Over a period of 10 days, the game was played by over 200 Maasai.

During the game, livestock owners are asked to make decisions relating to number of cows to sell, and calves to buy, and to assign their livestock to different grazing areas on the board game. The board game in that sense represent some of the broader ideas of livestock grazing – particularly relating to grazing and subsequent growth of livestock and regeneration of grass. The game consists of twelve decision rounds, equaling a period of time (e.g. month, years, or season). For each round, players need to make decisions on where to let their livestock graze, and how many they want to sell and buy. The twelve decision rounds enable the researchers to track changes in decision behaviors as a consequence of feedback from previous decisions. Each game session ended with a discussion of the problems represented by the underlying simulation model, and a broader level discussion of sustainable management.

Figure 1 shows participants’ allocation of cows and calves to each of the three areas on the game board (marked as red, blue and grey in the Figure). As appears from Figure 2, when many livestock are allocated to one area, the grass level goes down. Further, Figure 2 shows how, once a grass area has been overexploited, it takes a long time for it to regenerate – even when grazing is limited in the subsequent periods. Figure 3 shows how death is related to grass levels – the less grass, the more deaths. Figure 4 shows how birth is limited when grass levels are low.

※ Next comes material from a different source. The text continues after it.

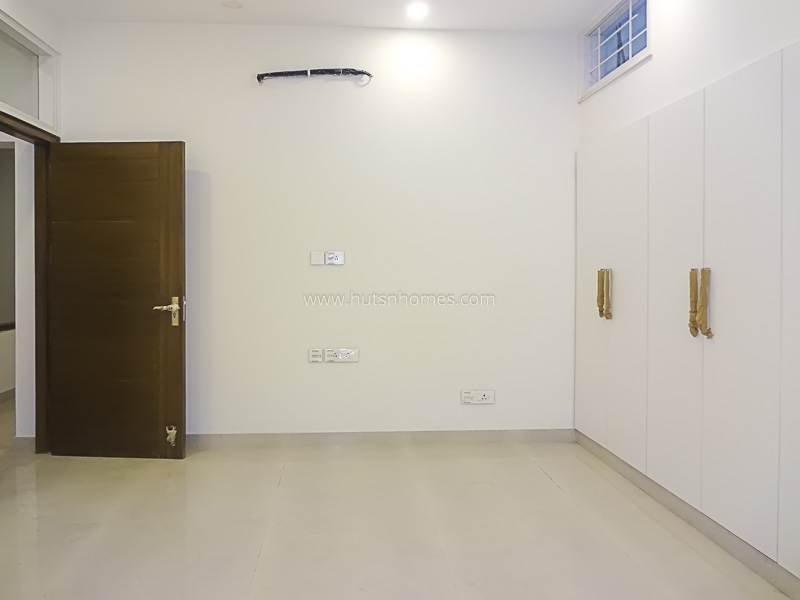 3 BHK Duplex For Sale in Anand Niketan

While these results pertain to just one the participant groups, the pattern was very much the same across all games.

Further data analysis is currently undergoing, but the preliminary results are obvious: without collaborative structures relating to grassing, grasslands are subject to what is known theoretically as the Tragedy of the Commons (see e.g. Hardin, 1968; Ostrom, 2008).

The Tragedy of the Commons predicts that that individuals who act independently and rationally according to their self-interests, will behave contrary to the best interests of the whole group by depleting some common resource (in this case the grass areas of the Maasai Mara).

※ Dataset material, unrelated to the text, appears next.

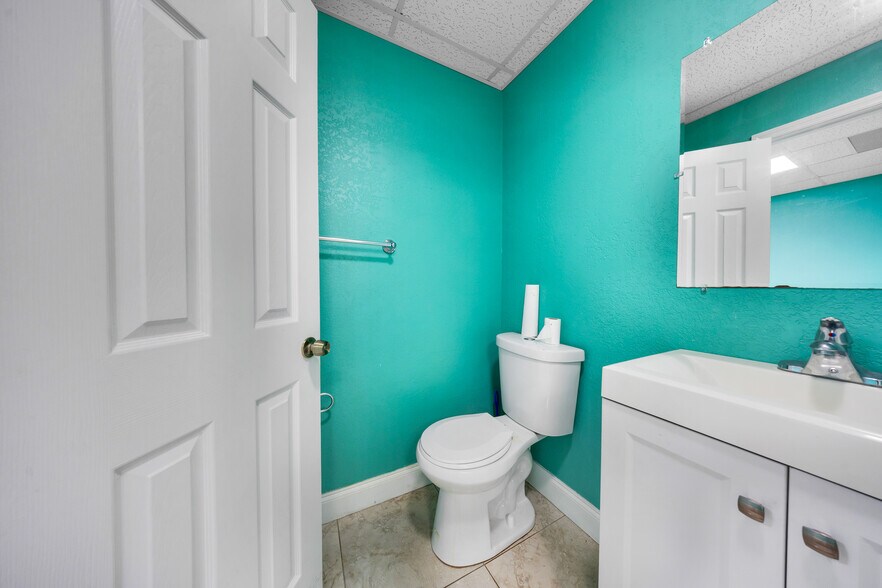 More Photos Of 7760 W 20th Ave, Hialeah Warehouse For Sale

The tragedy is not only related to the fact that the commons is destroyed, but also to the fact that its detriment stems from the fact that each livestock breeder acts rationally: The gain from letting one extra cow grass is gained today. And the costs are borne by everyone. The long-term consequence however is, that the commons is destroyed.

The grass areas in the Maasai Mara may no longer constitute a true common in the sense that they can be used by everyone and that there is no management of them, but nevertheless they are being commonly exploited, and rely on communal management – a management system that is currently undergoing substantive changes.

REFERENCES

Hardin, G. (1968). The tragedy of the Commons. Science, New Series, 162(3859), 1243-1248

Håkonsson, D. D., Klaas, P., & Carroll, T. N. (2012). The structural properties of sustainable, continuous change: Achieving reliability through flexibility. The Journal of Applied Behavioral Science, 0021886312464520.

Lomi, A., & Larsen, E. R. (2001) (eds.). Dynamics of organizations: computational modeling and organization theories. Cambridge, MA: MIT Press.

Ostrom, E. (2008). Tragedy of the commons. The New Palgrave Dictionary of Economics, 3573-3576.

Sterman, J. D. (2000). Business Dynamics: Systems Thinking and Modeling for a Complex World. New York: McGraw

Next steps

Professor Dorthe Døjbak and Professor Erik Larsen are now analysing with the collected data.

They have donated the Board Game to Karen Blixen Camp Trust. More livestock owners are interested in playing the game. These games will be facilitated by staff at Karen Blixen Camp Trust; headteacher Benedict Walubengo and Saningo Kuolo together with landowner David Noosaron.

In May 2018, the magazine Voice of the Mara brought a long article about the project.